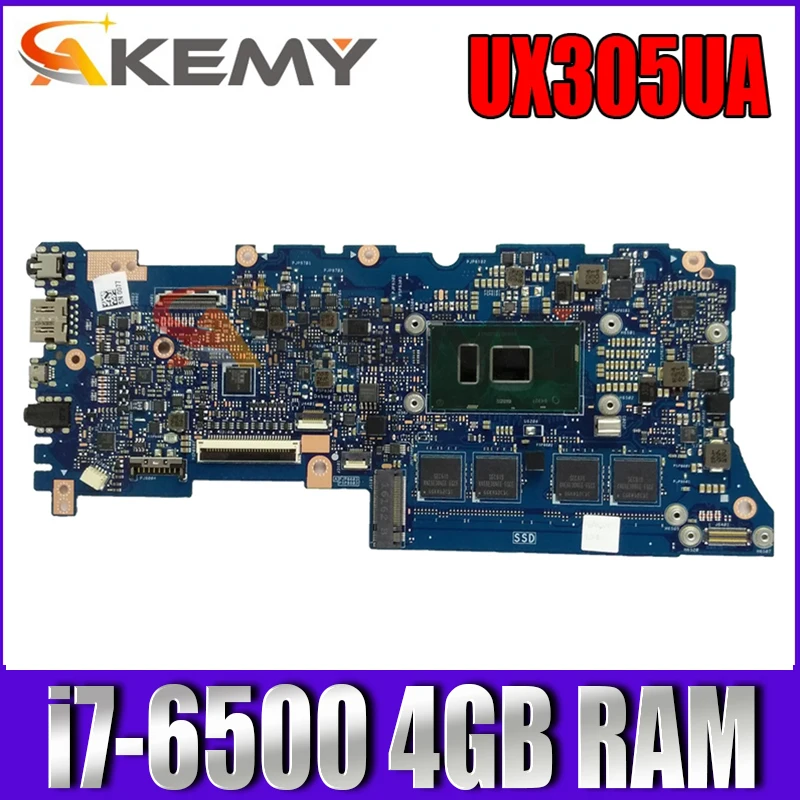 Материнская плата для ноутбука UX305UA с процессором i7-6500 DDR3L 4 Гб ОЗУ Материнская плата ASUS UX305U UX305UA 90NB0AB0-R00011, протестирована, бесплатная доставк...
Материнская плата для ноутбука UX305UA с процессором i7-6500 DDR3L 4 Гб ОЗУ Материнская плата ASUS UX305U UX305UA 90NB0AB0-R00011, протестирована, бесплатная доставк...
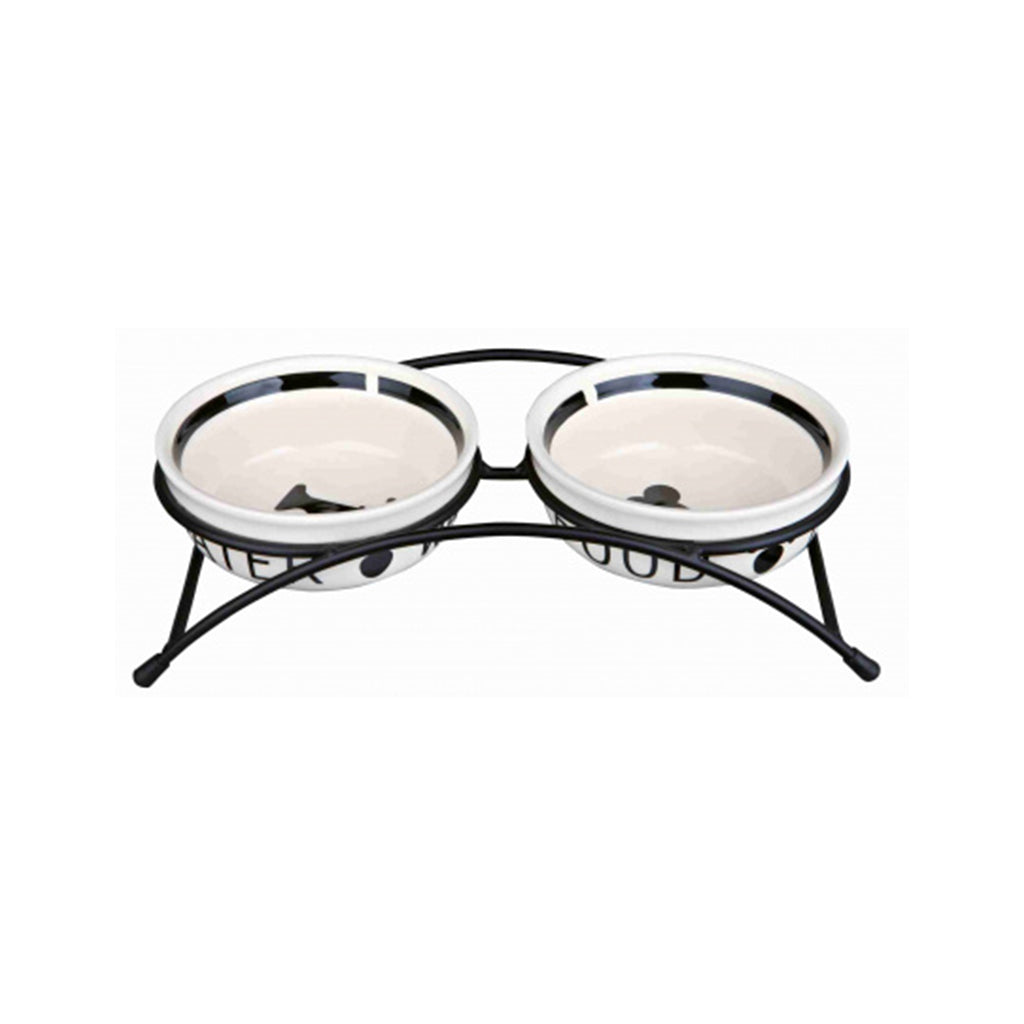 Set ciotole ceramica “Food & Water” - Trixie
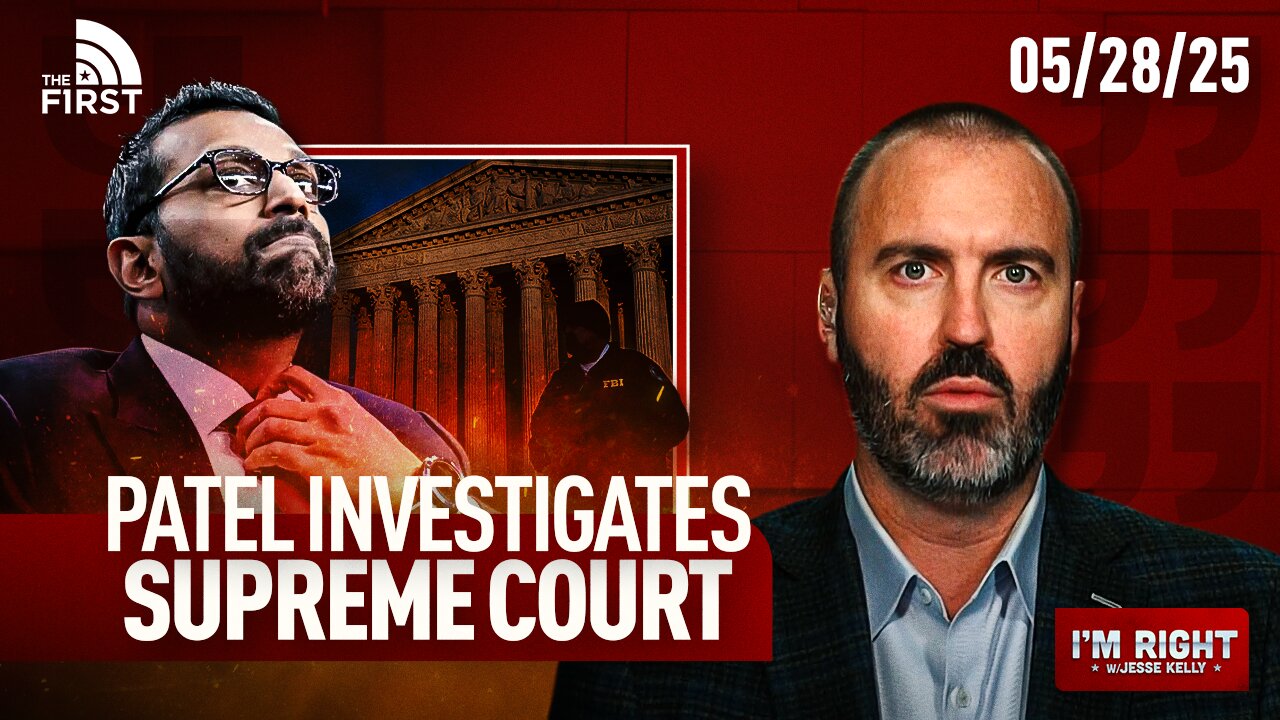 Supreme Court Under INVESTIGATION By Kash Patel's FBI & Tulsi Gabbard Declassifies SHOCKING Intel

[About this exercise]
The whole listing is to be retyped exactly, with its pictures removed.

[Task solution]
 Материнская плата для ноутбука UX305UA с процессором i7-6500 DDR3L 4 Гб ОЗУ Материнская плата ASUS UX305U UX305UA 90NB0AB0-R00011, протестирована, бесплатная доставк...
Материнская плата для ноутбука UX305UA с процессором i7-6500 DDR3L 4 Гб ОЗУ Материнская плата ASUS UX305U UX305UA 90NB0AB0-R00011, протестирована, бесплатная доставк...
 Set ciotole ceramica “Food & Water” - Trixie
 Supreme Court Under INVESTIGATION By Kash Patel's FBI & Tulsi Gabbard Declassifies SHOCKING Intel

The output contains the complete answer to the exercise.